The principal "smear" leveled against John F. Kennedy when he was running for president was that, as a Catholic, he would take instruction from the Pope. Just as Republican presidential hopeful Mitt Romney told voters earlier this year that he would make decisions independent of the Mormon leadership in Salt Lake City, Democratic hopeful John F. Kennedy told voters in 1960 that the Vatican would have no say in what went on in a Kennedy White House.
John and Robert Kennedy, 1963
SIRS Decades
In a statement that appeared to leave him no wiggle room, Kennedy had this to say on the topic:
There is only one legitimate question underlying all the rest: would you, as President of the United States, be responsive in any way to ecclesiastical pressures or obligations of any kind that might in any fashion influence or interfere with your conduct of that office in the national interest? I have answered that question many times. My answer was--and is--"NO."
In discounting concerns of inappropriate papal influence, Kennedy was responding to attacks like the one contained in this pamphlet by "Protestants and Other Americans United for Separation of Church and State" (AU for short).

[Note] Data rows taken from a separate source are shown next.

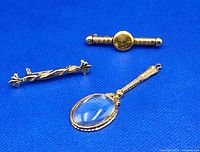 Top view of three gold tone jewelry pieces on blue background, showing magnifying glass pendant and two brooches.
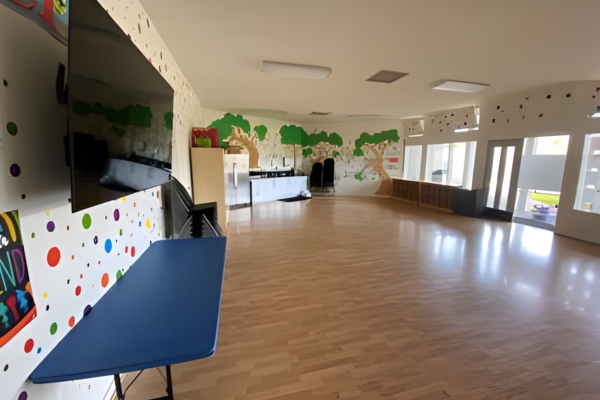A brightly lit, empty classroom with wood flooring, colorful wall art, tables, shelves, and large windows letting in natural light.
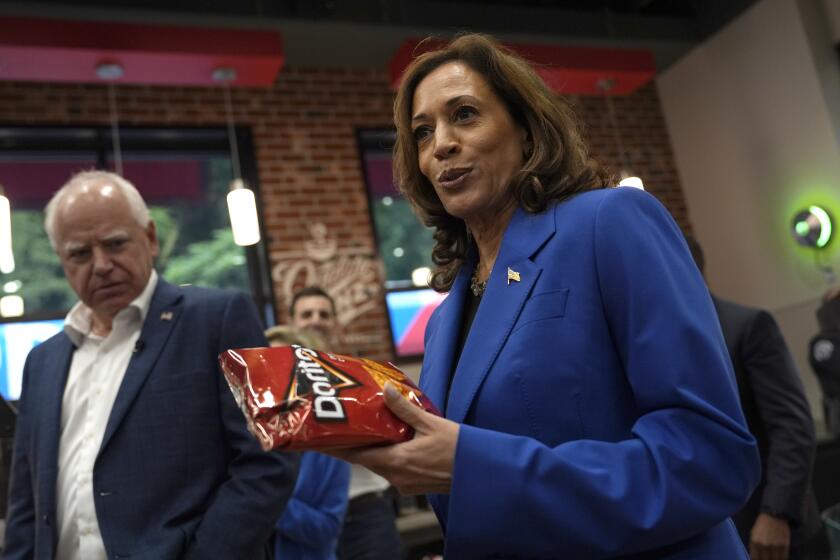 Democratic presidential nominee Vice President Kamala Harris holds a bag of Doritos chips as Democratic vice presidential nominee Minnesota Gov. Tim Walz looks on at Sheetz convenience store during a campaign stop, Sunday, Aug. 18, 2024, in Coralpolis, Pa. (AP Photo/Julia Nikhinson)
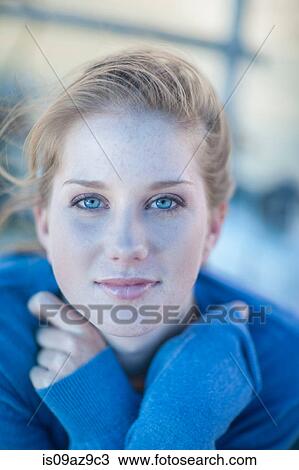 Stock Image - Close up portrait of blue eyed young woman. Fotosearch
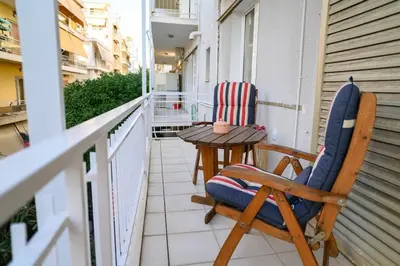 a patio with two chairs and a table on a balcony at Salty 2bed Bliss and Comfort in Athens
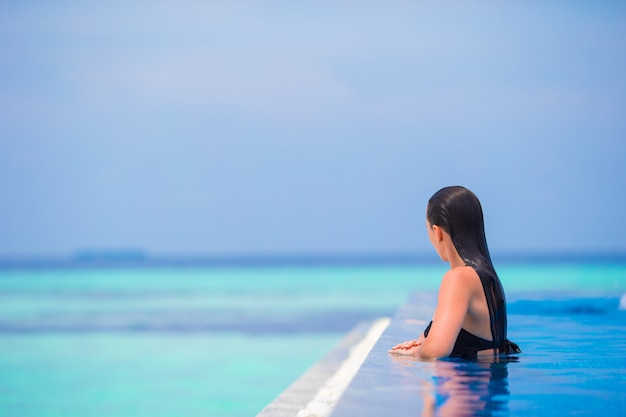 Jeune femme profitant de l'eau et se reposer dans la piscine extérieure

In attempting to create unease at the prospect of a Catholic president, AU alleged that Catholic leaders routinely used doubletalk to "distort . . . the meaning of the Constitution while still claiming to accept it."
Among the pamphlet's other incendiary claims were that, in Catholic thought,
- the "wall of separation" between church and state was "only a metaphor [or] figure of speech";
- the First Amendment "was not intended to . . . impose government neutrality between believers and disbelievers" or even to "guarantee freedom of nonbelief";
- and the Constitution neither prohibited the "expenditure for religious purposes of funds raised by federal taxes" nor barred the "preferential treatment of a particular religion."
The AU pamphlet--the key tenets of which Kennedy appeared to respond to in the passage quoted above--was actually released a few weeks after the Massachusetts senator's famous "Religious Issue in American Politics" speech.
Activity
Given this chronology, to what extent does the pamphlet reflect reasonable concerns about a Catholic occupying the Oval Office, and to what extent is it a cynical appeal to the bigotry of anti-Catholic voters?
Answer this question in 500 words, making specific references to both the AU pamphlet and the Kennedy speech.